DELİLLER VE GEREKÇE:
Dava, davacının yetkilisi ve ortağı olduğu davaya konu … İç ve Dış Tic. Ltd. Şti’nin sicilden resen terkin edilmiş olması sebebiyle hali hazırda şirket adına kayıtlı bulunan … plakalı aracın terkin edilen şirket adına kayıtlı olması sebebiyle ek tasfiye amacıyla yeniden ihyasına yönelik ihya davasıdır.
…nün dosya içerisindeki kayıtları incelendiğinde; … sicil nosunda kayıtlı … İÇ VE DIŞ TİCARET LİMİTED ŞİRKETİ’nin, 6102 sayılı Türk Ticaret Kanunu’nun Geçici 7’nci maddesi ile 30/12/2012 tarihli ve 28513 sayılı Resmi Gazete’de yayımlanarak yürürlüğe girmiş olan “Münfesih Olmasına Veya Sayılmasına Rağmen Tasfiye Edilmemiş Anonim ve Limited Şirketler İle Kooperatiflerin Tasfiyelerine ve Ticaret Sicili Kayıtlarının Silinmesine İlişkin Tebliğ” uyarınca resen terkin kapsamına alındığı, tebligat ve ilan prosedürlerinin yerine getirilmesinin ardından 09/10/2015 tarihinde sicilden resen terkin edildiği, görülmüştür.

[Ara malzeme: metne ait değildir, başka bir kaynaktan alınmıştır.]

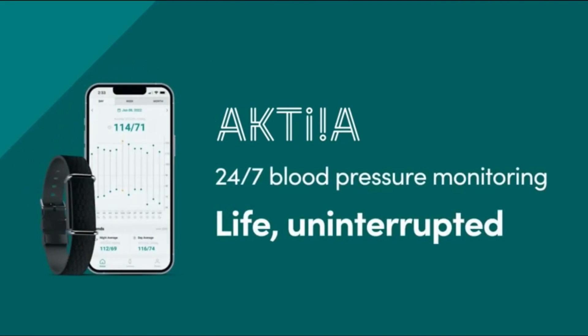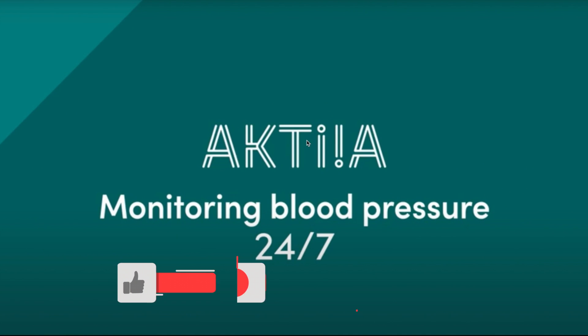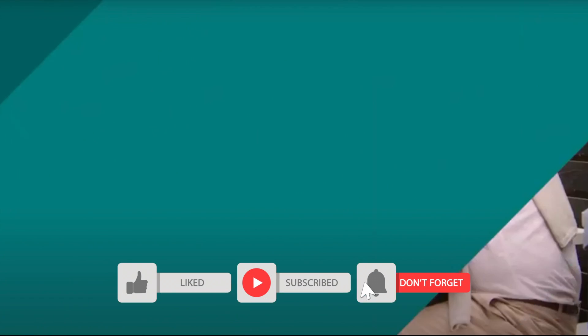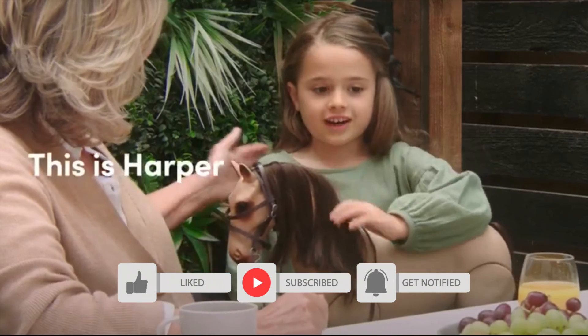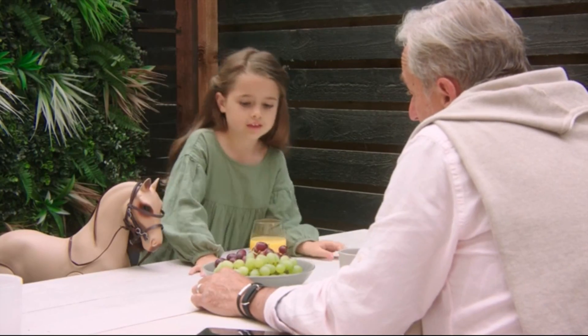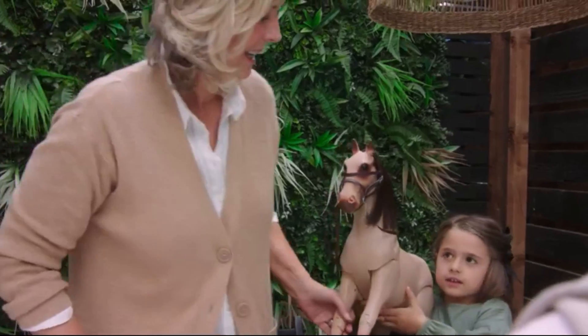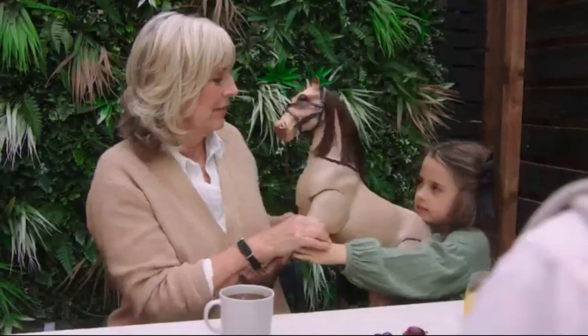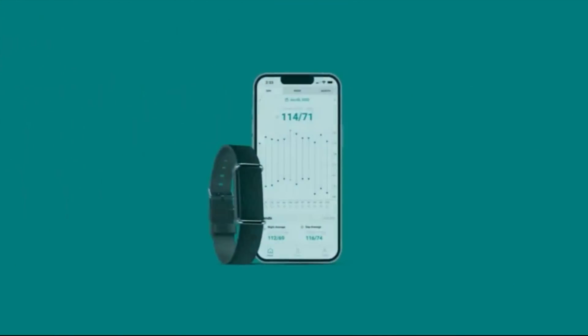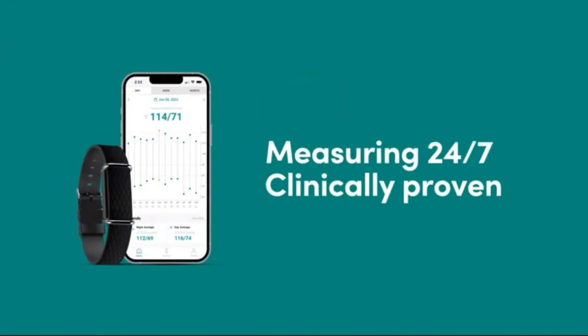I can say it's on the right path. I am still in search of the perfect wrist-based blood pressure monitor that I can get out of the box, don't need to calibrate, that works straight away, and where the reading is not far off from what my cuffed blood pressure monitor would read.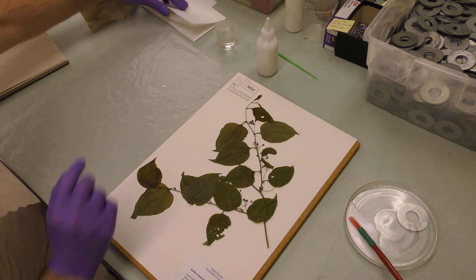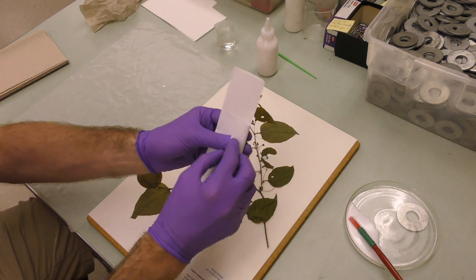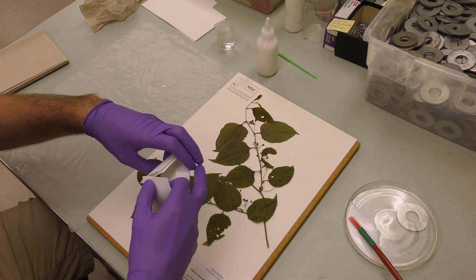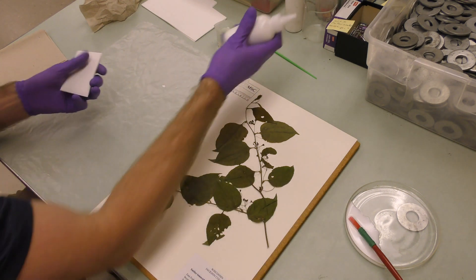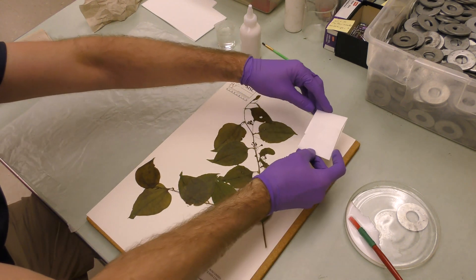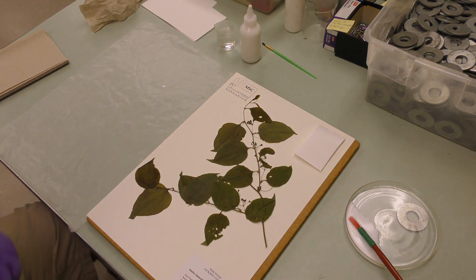We include fragment packets with ours. You can see these little packets here — if you get to do a little bit of origami, ours are pre-folded. These are for if any pieces fall off as the specimen is stored or as people are using the specimen; they'll have a place to put those pieces. That's pretty quick — this isn't like gluing the plant. Just put that on there and find where it's going to fit. Now we're ready for wax paper.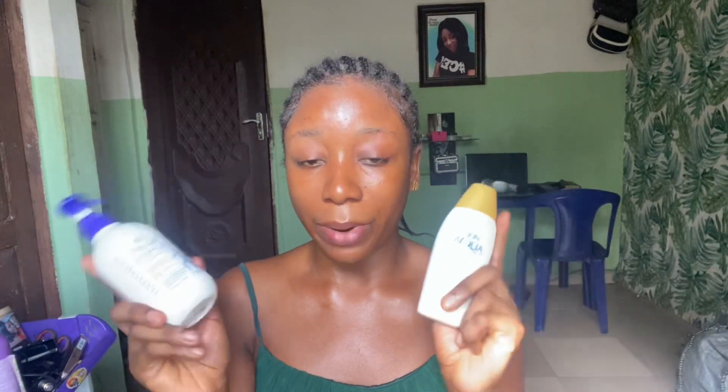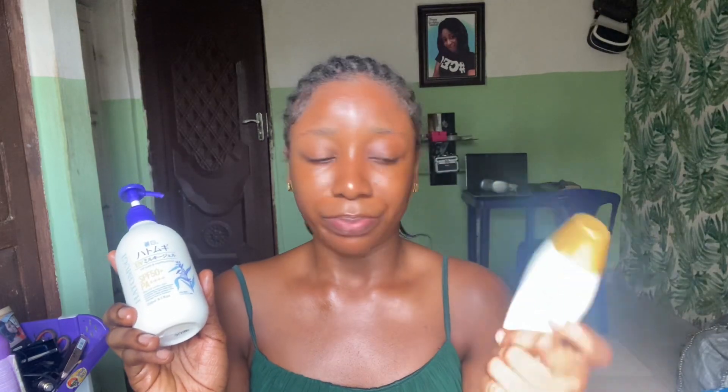Let's compare the two sunscreens. The Skin Aqua is an Australian sunscreen and the Hachimogi is a Japanese sunscreen. The Skin Aqua comes in 110 grams while the Hachimogi comes in 250ml, making it a lot more product for the size. For price, the Skin Aqua ranges around 10,000 and above, and the Hachimogi around 11,000 and above, so the prices are almost the same. The Hachimogi gives a cakey feeling and moisturizes the skin, but the Skin Aqua doesn't leave that same cakey feeling.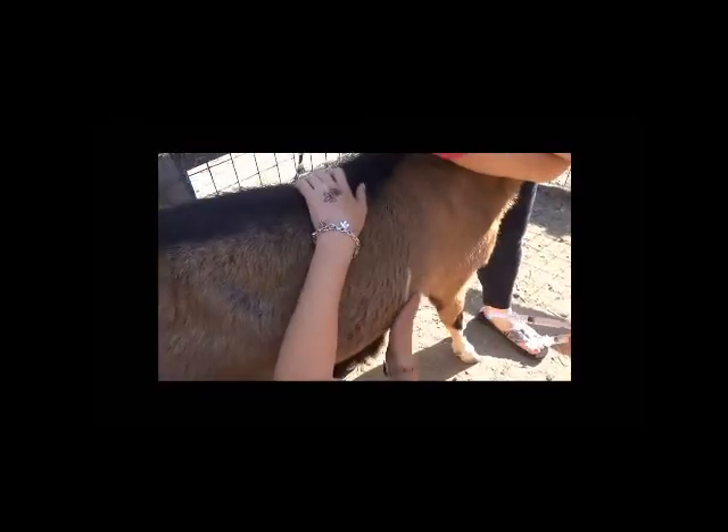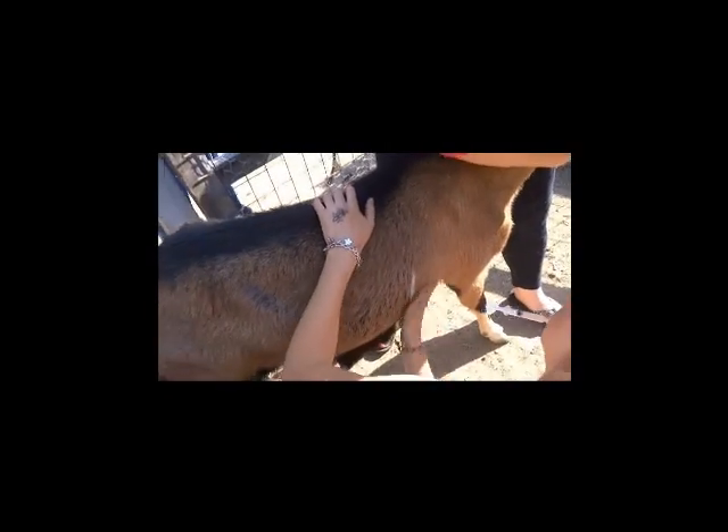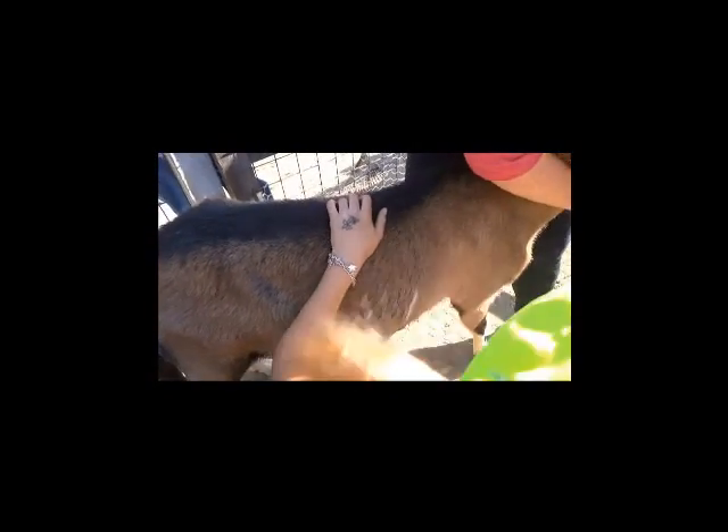So now we're giving Mama her shots because they have to have their annual boosters. Right in the armpit, underneath the skin. Thank you for holding that.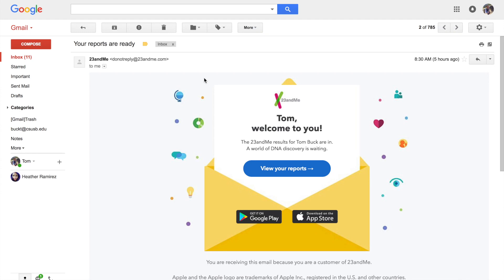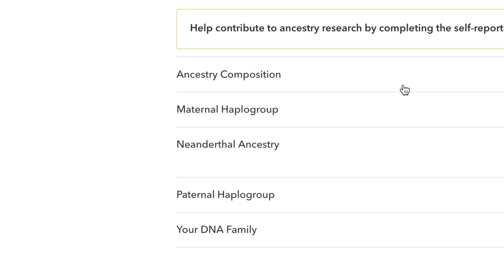Okay, here we go. We're going to click on 'your reports.' It says, 'Tom, welcome to you.' View my reports. Welcome to me. Wow, here are the reports. The things listed are: Ancestry Composition, Maternal Haplogroup — I don't know what that is — Neanderthal Ancestry, Paternal Haplogroup, and my DNA family. Ready? Here we go.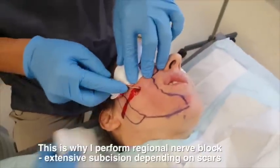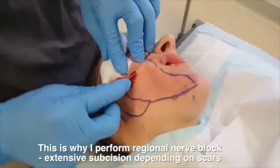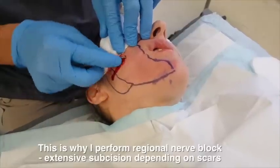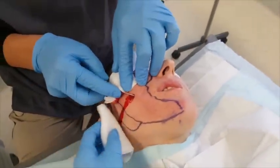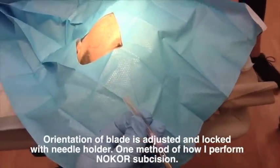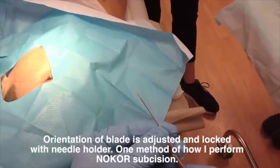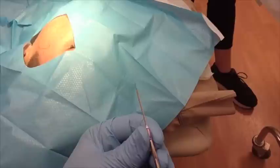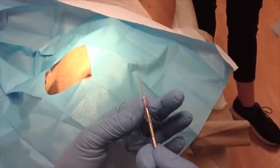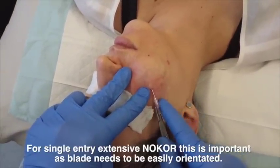This is a three-entry level method. Sometimes I go for three entries depending on the extent of the scars. You can see it's a multi-level, three-entry method in subcision, using both a lipo method as well as the traditional wiper method. The orientation of the blade I can also adjust using a needle holder, which allows me to go in deeper with the no-core.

…’nün dosya içinde mevcut sicil kayıtları incelendiğinde ihyası istenen şirketin terkin olmadan önce merkez adresinin Esenyurt ilçesi sınırları içerisinde kaldığı, buna göre mahkememizin 6102 sayılı TTK’nun 547/1 maddesi anlamında kesin yetkili olduğu anlaşılmıştır.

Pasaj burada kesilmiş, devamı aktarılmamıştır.